I don't even know why they are interested. Soriano still views himself as a second baseman and the last time I checked the Phillies already have one of the best young players in the game occupying that position in Chase Utley.

Soriano is probably going to hit well over 400 home runs in his career. And let's be honest doing it as a second baseman makes him a first ballot Hall of Famer. With the money being equal he is going to go to the team that allows him to play the infield.

So to get Soriano to even consider staying in the outfield the Phillies are going to have to back up the Brinks truck to get him, even more so than they already would have had to.

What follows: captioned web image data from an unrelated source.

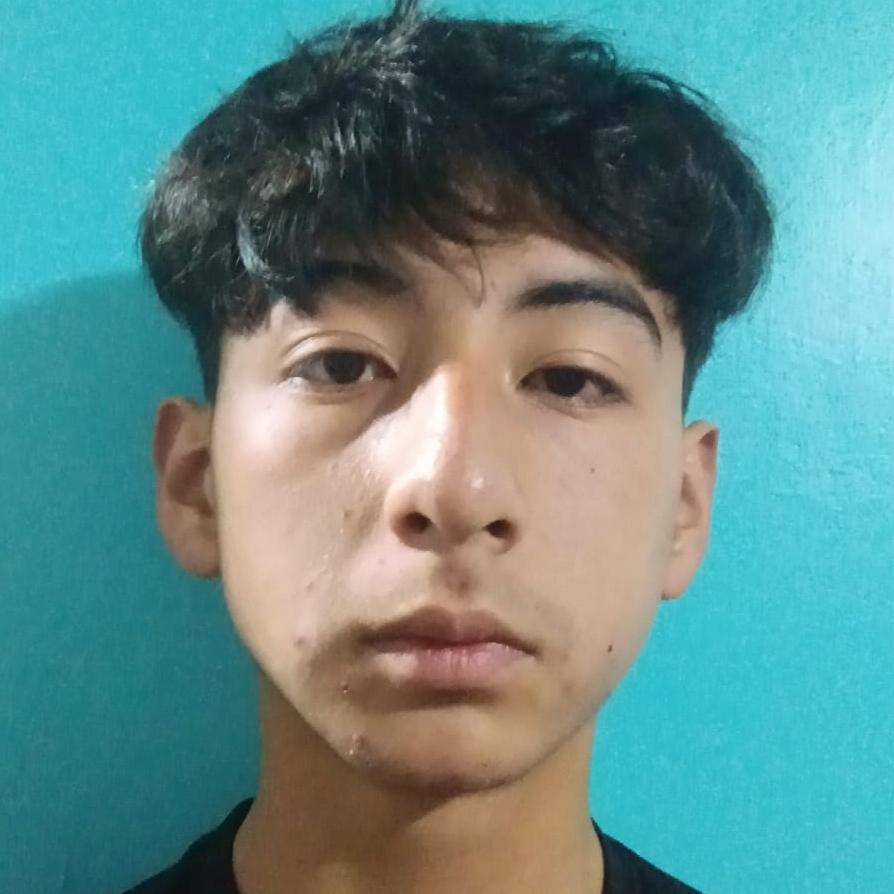 User Image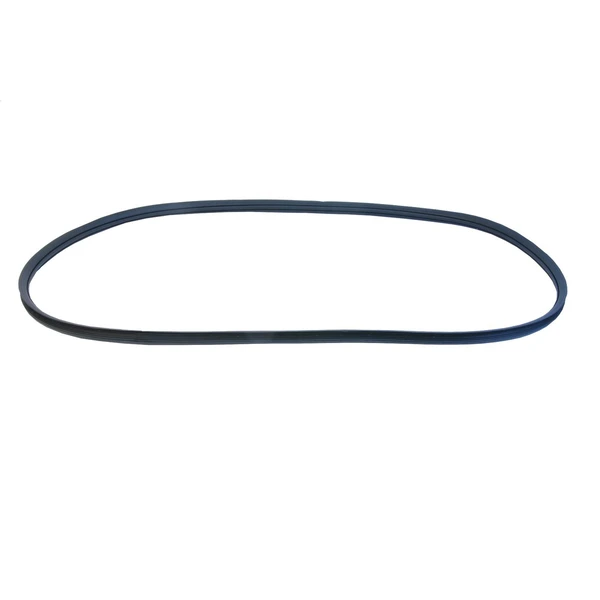 ÜRO Parts 113845121B Windshield Seal
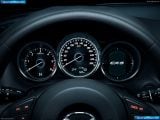 mazda_2013-cx-5_1600x1200_081.jpg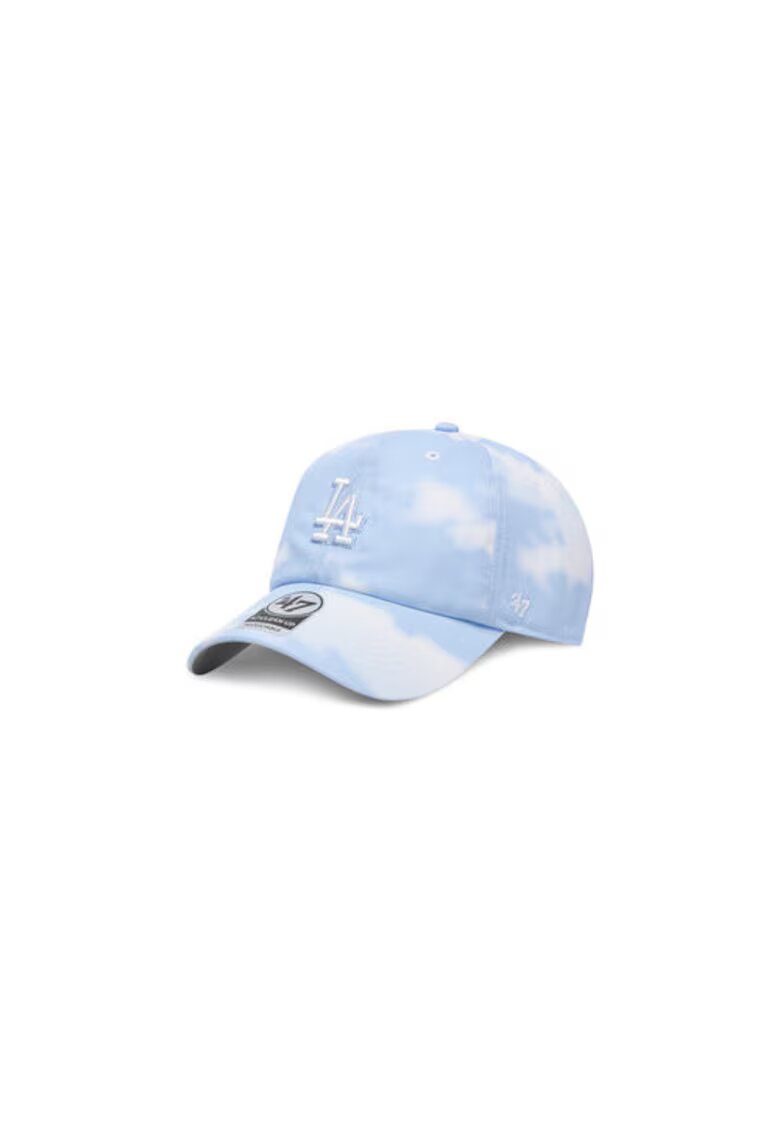 47 Brand Sapca de baseball pentru femei - 305431820 - material textil - universal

The whole point of getting a big bat is to provide protection for Howard. Is a guy that struck out 160 times last season the answer? Sure he can mash, but you can also get him out. Plus Soriano has said that he is more comfortable hitting up in the order, which again does not make him a good fit.

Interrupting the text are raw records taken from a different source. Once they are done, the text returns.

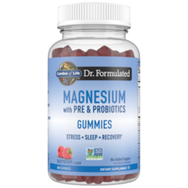 magnesium_gummies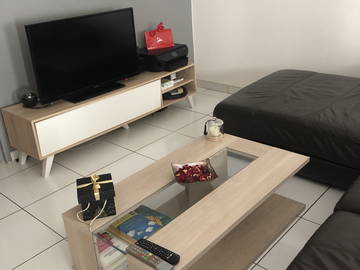 Colocation Brunoy 267197-7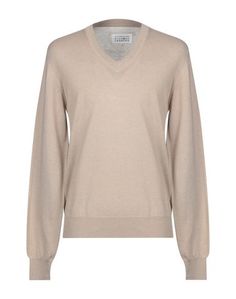 Свитер Maison Margiela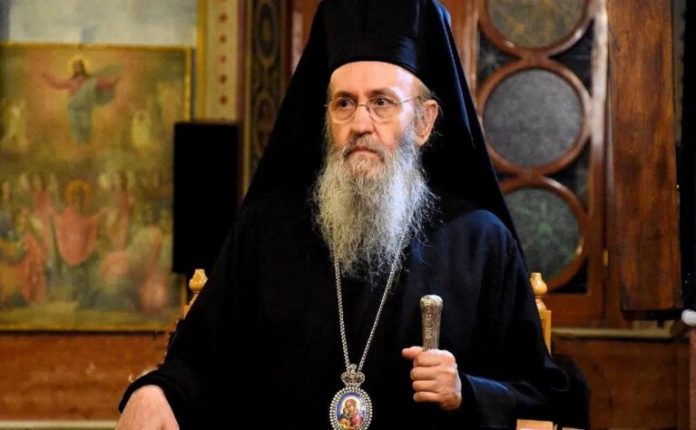 mhtropolitis naupaktou 768x474 1 mhtropolitis naupaktou 768x474 1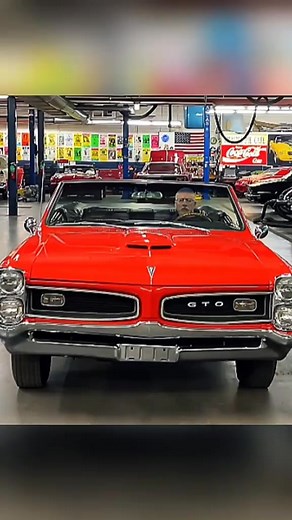 William Robinson on Reels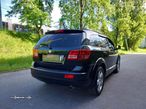 Dodge Journey 2.0 CRD SXT MTX Limited - 3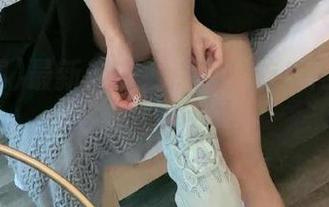 最新料在线点播，吃瓜网都快成了实时频道了！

I also don't like the message it sends to the rest of the Phillies. Right now they have one of the best young nucleuses in the game in soon-to-be NL MVP Ryan Howard, Utley, left-hander Cole Hamels and righty Brett Myers. By bringing in Soriano, whether you like it or not, he automatically becomes the face of the franchise. That is what happens when you make that kind of money.

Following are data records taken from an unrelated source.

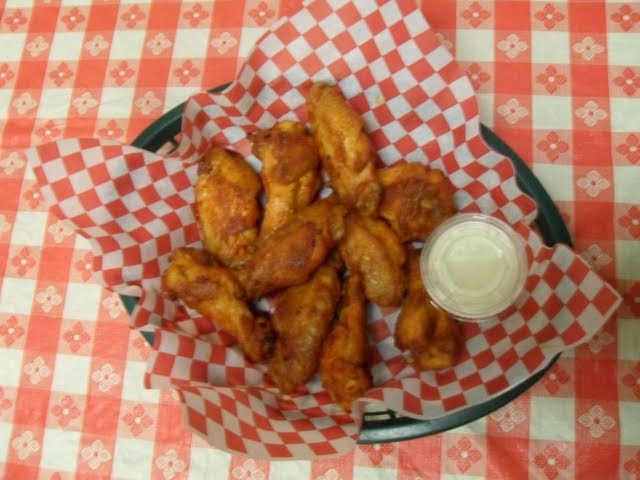 [Spicey Wings[2].jpg]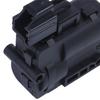 Car Accessories Rear Tail Gate Latch Lock CN1Z-14A62-6A CN1Z14A626A For Ford 2018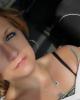 Christina is single in Schuyler, NE USA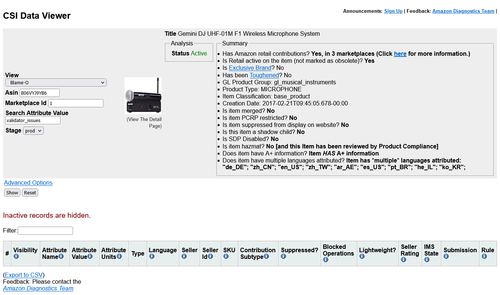 Screenshot 2023 06 18 at 09 42 30 Amazon CSI IMSv3 Data Viewer.png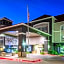 La Quinta Inn & Suites by Wyndham Laredo Airport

"I don't think he's the main guy you want but he can be the missing piece," said Philly's new first-base coach Davey Lopes, who spent last season as a coach with the Nationals.

Oh really. He is not the main-guy? Then why give him main-guy money? How much are the Phils going to pay Howard when it is his time? And speaking of that how can they justify paying Howard next to nothing right now, while Soriano is paid as one of the best players in the game. I don't care how they spin it, that would have to leave a bad taste in Howard's mouth.

And let's be honest Soriano is not the best guy in the clubhouse either. If he is so talented why is he about to play for his fourth team in five years? Buck Showalter had a problem with him. I know that is not a big deal a lot of people have problems with Showalter, but Joe Torre also had issues with Soriano. Let's not forget the shenanigans he pulled in spring training last season with Frank Robinson.

If I was making the decisions for the Phillies the guy I'd be targeting is Gary Sheffield, who can easily be had in a deal with the New York Yankees. Of course you would have to give him an extension, but it would be for a fraction of the cost to land Soriano. And he only makes $9 million this coming season.

Who would you rather have up in a big spot Sheffield or Soriano? They are both big-time home run hitters, but Sheffield is the guy I want at bat in the clutch. Sheffield, for his career, is a .316 hitter with runners in scoring position, while Soriano has produced just a .252 average in similar spots.

If the Phils want Howard to get pitches Sheffield is the guy to hit behind him not Soriano.

General manager Pat Gillick has said that he wants to keep the payroll around $90 million. With Utley and Myers due for huge raises in arbitration, adding Soriano will hinder Gillick from addressing other needs such as bullpen help, a third baseman and a catcher. Gillick has also said that he is comfortable with Abraham Nunez at third with a catching tandem of Chris Coste and Carlos Ruiz.

Do you believe him? Me neither. So don't blow your cash on Soriano.

The Phillies could use the extra money they were planning on spending for Soriano and spread it around a little. But then again things would be made much easier in the City of Brotherly if Gillick could relieve himself of the albatross that is known as Pat Burrell. Unfortunately for the Phillies there is not much of a market for a .250 hitter that is due $27 million over the next few seasons.

Point is Philadelphia is not one player away. Getting Soriano does not put them in the World Series. But getting Sheffield and adding some more quality pieces gets them a lot closer.